Sorry for the repeat post. :hahano:



I spent some time yesterday thinking about oil flow and oil return after reading a note in my AFR head instructions.
They mentioned that a high flow pump can cause oil backup in the cylinder heads and could cause oil burning due to flooding of the valve stem seals.

So looking at the return path in the heads, I saw that the LS heads seem to have a real nice oil return path between each cylinder.
1624813836707.png

But those then drain into the lifter trays!

the lifter trays should drain oil out the bottom and overfill
not much room at the top of the lifter trays between the block and the head, but there is a pretty good opening under the head.
(You can see the opening under the cylinder head in the picture below)

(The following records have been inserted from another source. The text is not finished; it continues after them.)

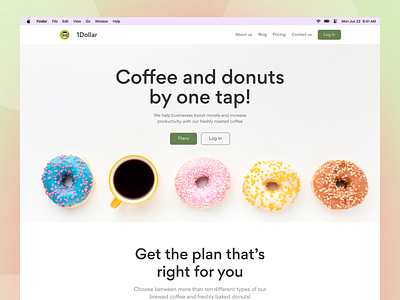 Coffee and donuts delivery website design graphic design ui uidesign uidesigner ux uxdesign uxui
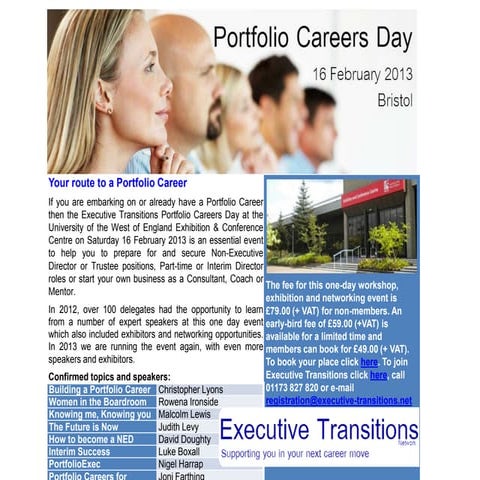 Portfolio Careers Day 2013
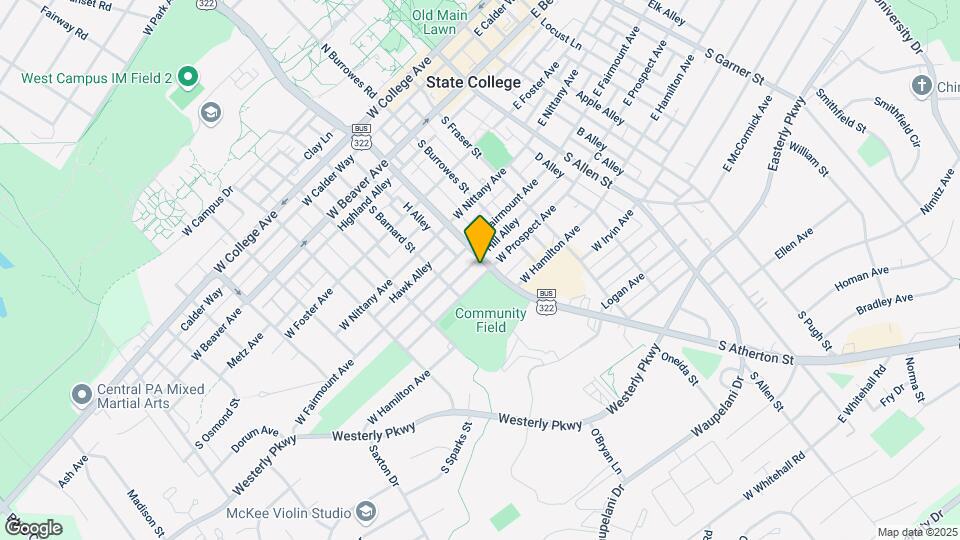 409 W Prospect Ave Mapa y Detalles de la Ubicación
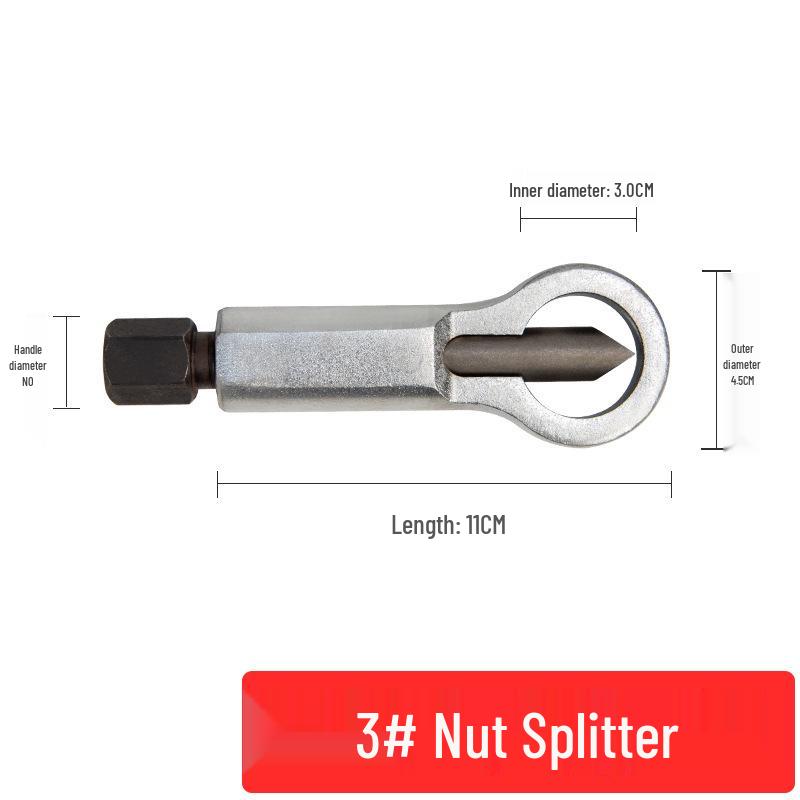 Rusty Nut Breaker: Unscrew, Split & Remove Old Nuts and Bolts Tool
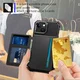 Apple iPhone 15 Plus 3 in 1 Back Cover Portemonnee Hoesje Zwart afbeelding 9
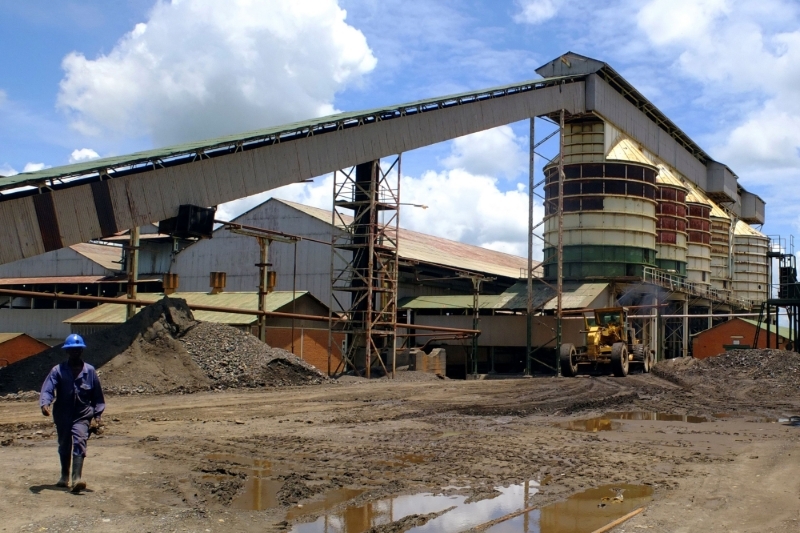 Gécamines facilities at the Kambove copper mine (Haut-Katanga).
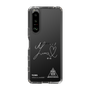スリムプロテクションケース［ スマートフォンケース<書き下ろしサインver.>ホワイト - YUMA ］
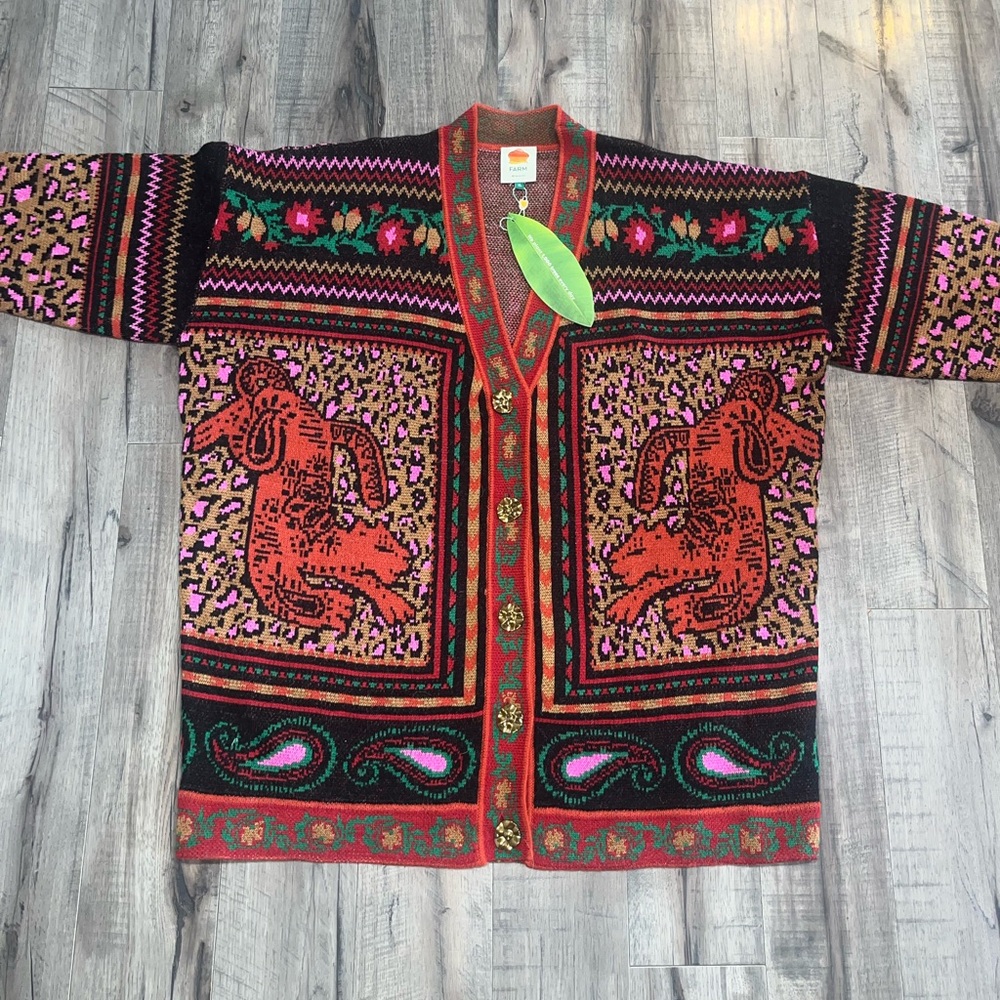 New farm Rio tapestry cardigan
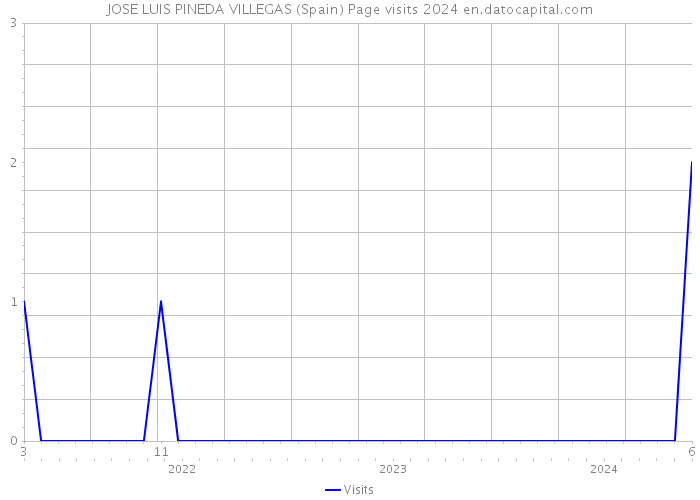 JOSE LUIS PINEDA VILLEGAS (Spain) Page visits 2024 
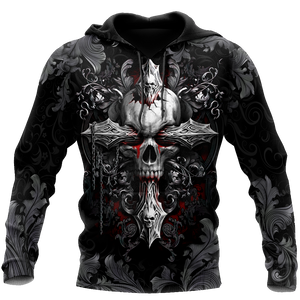 Unisex Hoodie All Over Print Skull Gifts Beautiful Skull Unisex Hoodie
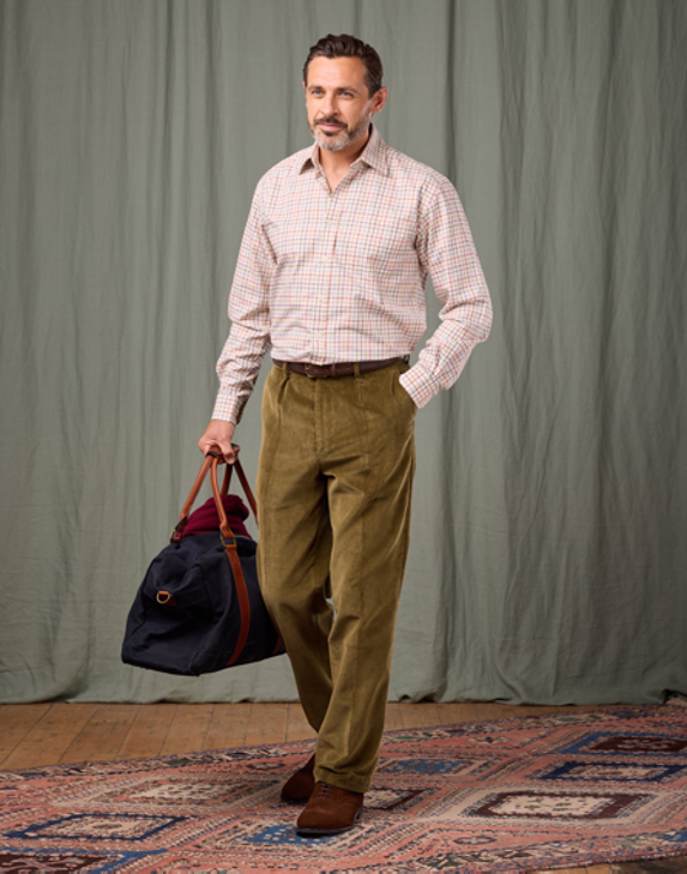 Corduroy Trousers - Moss
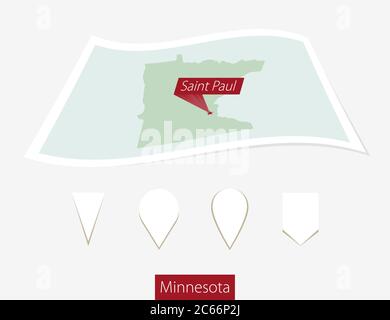 Administrative and Road Map of Saint Paul, Minnesota, United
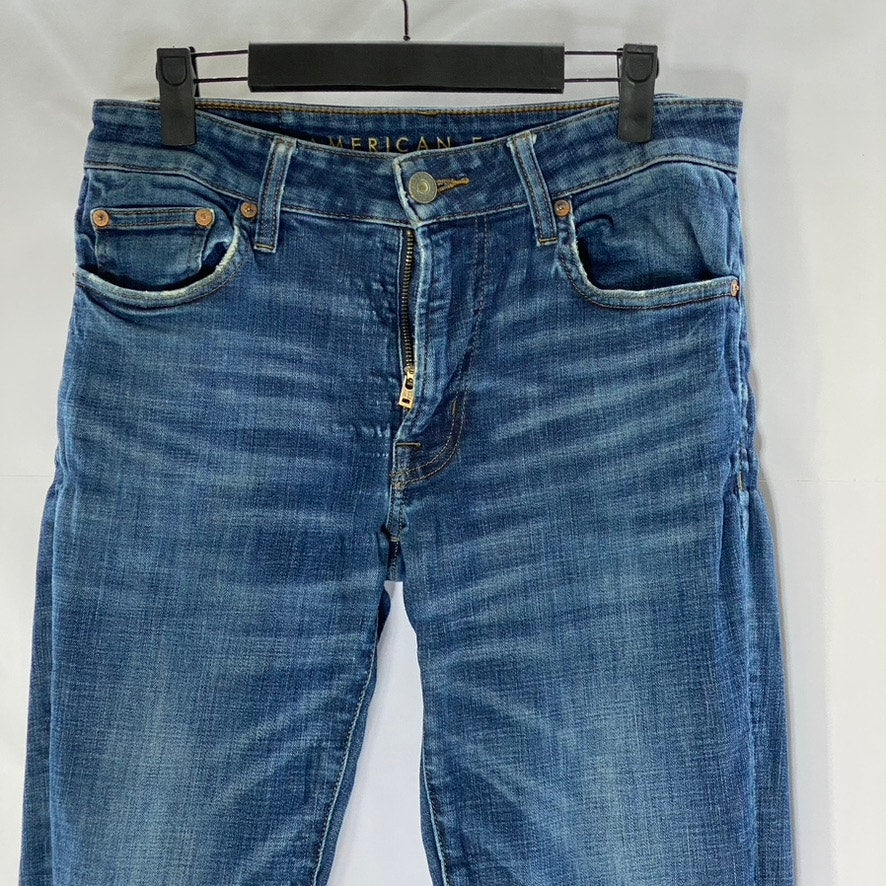 AMERICAN EAGLE Men's Dark Blue Ne(x)t Level Flex Slim Straight Jean SZ 30X34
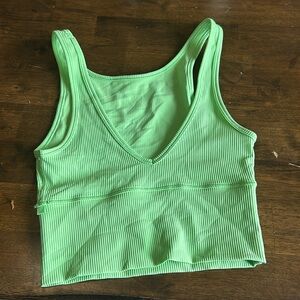Green Lululemon activewear shirt size 4, never worn 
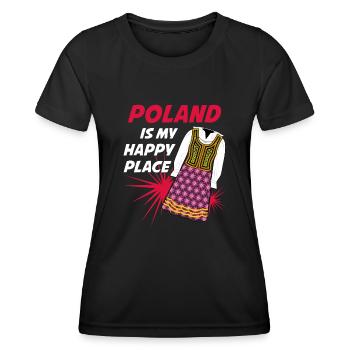 Polen Pole Tracht Polnisch - Frauen Funktions-T-Shirt - Schwarz - Vorne - AI Model Female 172 light (172cm)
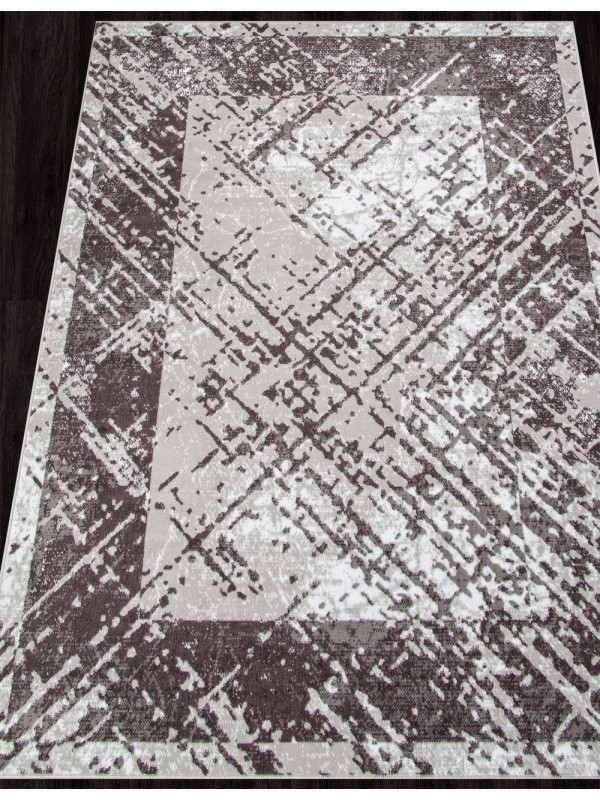 Ковер F391 - GRAY - Прямоугольник - коллекция SILVER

I found some information talking about drilling out those lifter trays to allow faster drain back, most seemed to be on the bottom of the trays between the webbing.
To me, it seems like the oil pools there in order to lube the lifters as they move up and down in the tray slot.
so i decided I didn't want to lessen the oil pooling there, but more help that oil return a little faster.

so i decided on this,
1624813862180.png

Just 3/8in holes, the oil return in the block is in-between the two lifters.
So i opted to keep them off center and closer to the separator inside of the tray.
These also point towards the valley, and when installed they are at an angle.
so the location of the hole is just slightly under or real close to the level of the lower side (pointing towards the cylinders).

So in theory, this should help oil bleed out of the trays faster.

I also think it seems like oil should be in the trays, so i also added a small hole slightly below that line that crosses over to the other lifter.
In my head this should work as an oil balance port to ensure both sides keep oiled.
This plan was because it seemed like the trays had a cup in the middle to serve as an oil balance before the oil could overflow...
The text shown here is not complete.